# Amazon Prime



## Pudsey_Bear (Sep 25, 2008)

Does anyone subscribe to it?

I was just wondering if the programs they fund are going to get enough subscribers to allow it to continue, and will these programs end up on other channels.


----------



## talogon (Aug 12, 2009)

I subscribe to it Kev, Have done for a couple of years. I got it for the next day postage mainly as I buy a lot from Amazon. I have watched a few tv series on it and a few movies and it seems quite good.


----------



## 96299 (Sep 15, 2005)

Yeah I do Kev - only joined a couple of weeks ago so not really up to scratch with it yet. We order lots from Amazon, and prime is great for next day. you get Amazon cloud for photos and video, but the real clincher for us was.. You get ripper street and vikings before they go mainstream tv .:wink2:

Watching Vikings season 4 at the moment and it's in dolby digital 5.1, so that's handy.

Steve


----------



## caulkhead (Jul 25, 2007)

Yep! We subscribe due to the amount we buy from Amazon. Amazon are huge so I would say that like Sky they will continue to bring out TV series some of which I think are high quality. As to ending up on other channels, well I guess they will eventually but when is anyones guess.


----------



## GMJ (Jun 24, 2014)

Kev

I think you can sign up for a free 30 day trial but just make sure to remember to cancel it at the end of 30 days if you don't want to keep it.

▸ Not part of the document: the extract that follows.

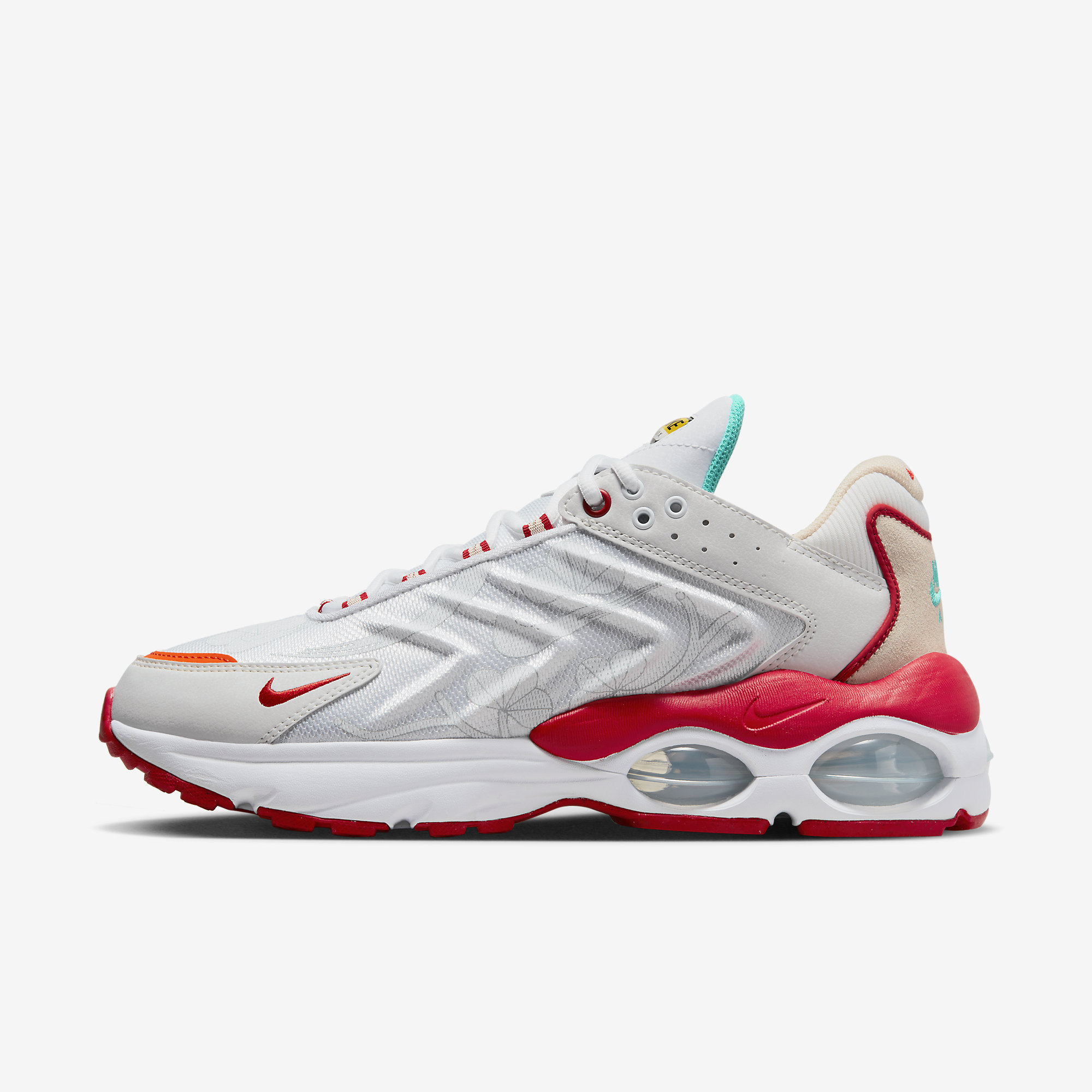 

Кроссовки мужские Nike Air Max Tw FD4318 белые 38 RU, Белый, Air Max Tw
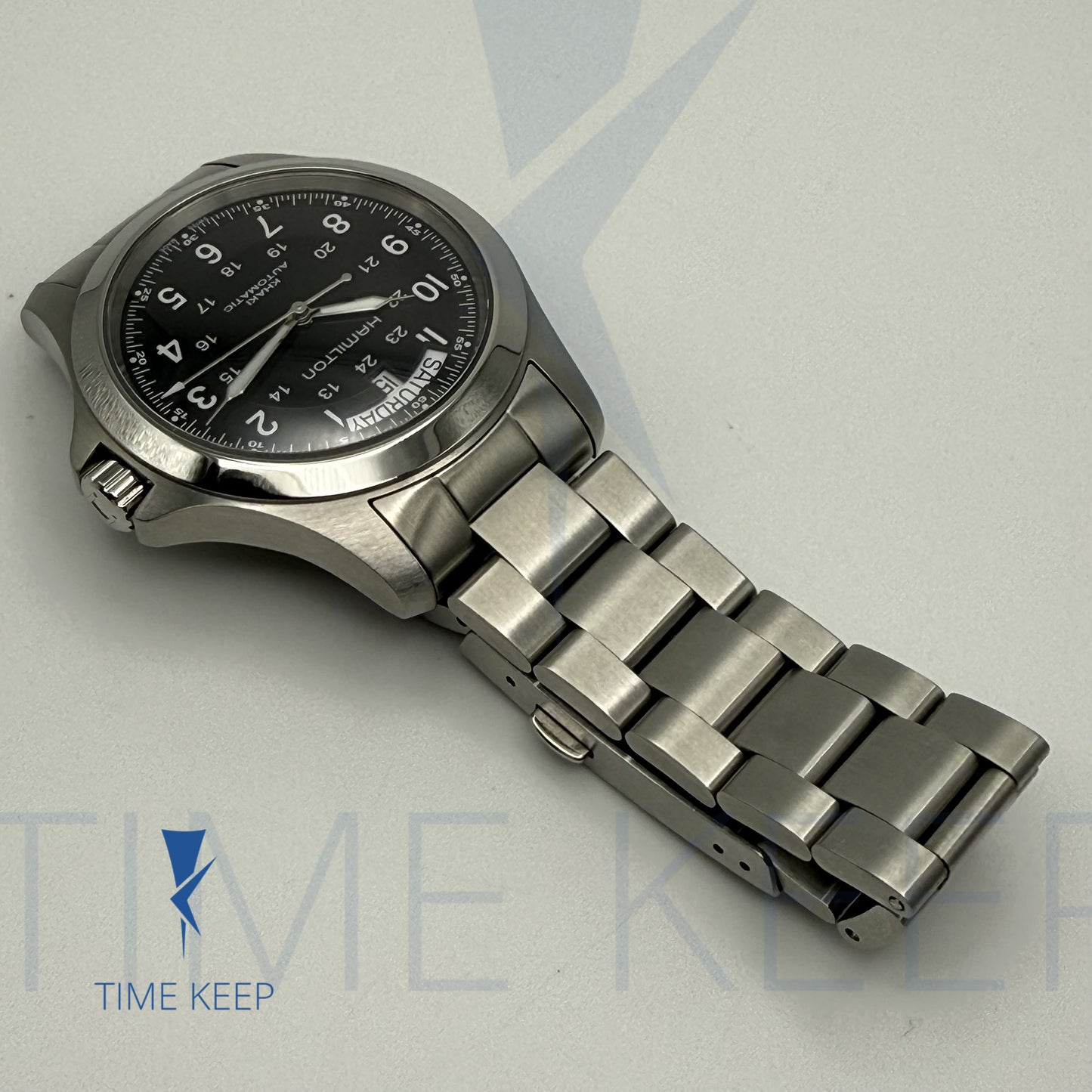 Hamilton Khaki King Automatic Day-Date Men's Watch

A number of my students signed up for the free period and then being teenagers, forgot to cancel so were stung for the £79 (or whatever it is). Tbf to Amazon when they rang up, they did refund the dosh but hopefully a salutary lesson for them (...probably not though :frown2

Graham :smile2:


----------



## dghr272 (Jun 14, 2012)

Yep I have subscribed to Prime for a few years now due to free postage to NI on their Prime items, rather than be stuck with rip off charges by many suppliers. 

Only just recently accessed Amazon Video and TV, looks like a good selection of movies and TV series, I see it as a bonus and another option to my current Sky package.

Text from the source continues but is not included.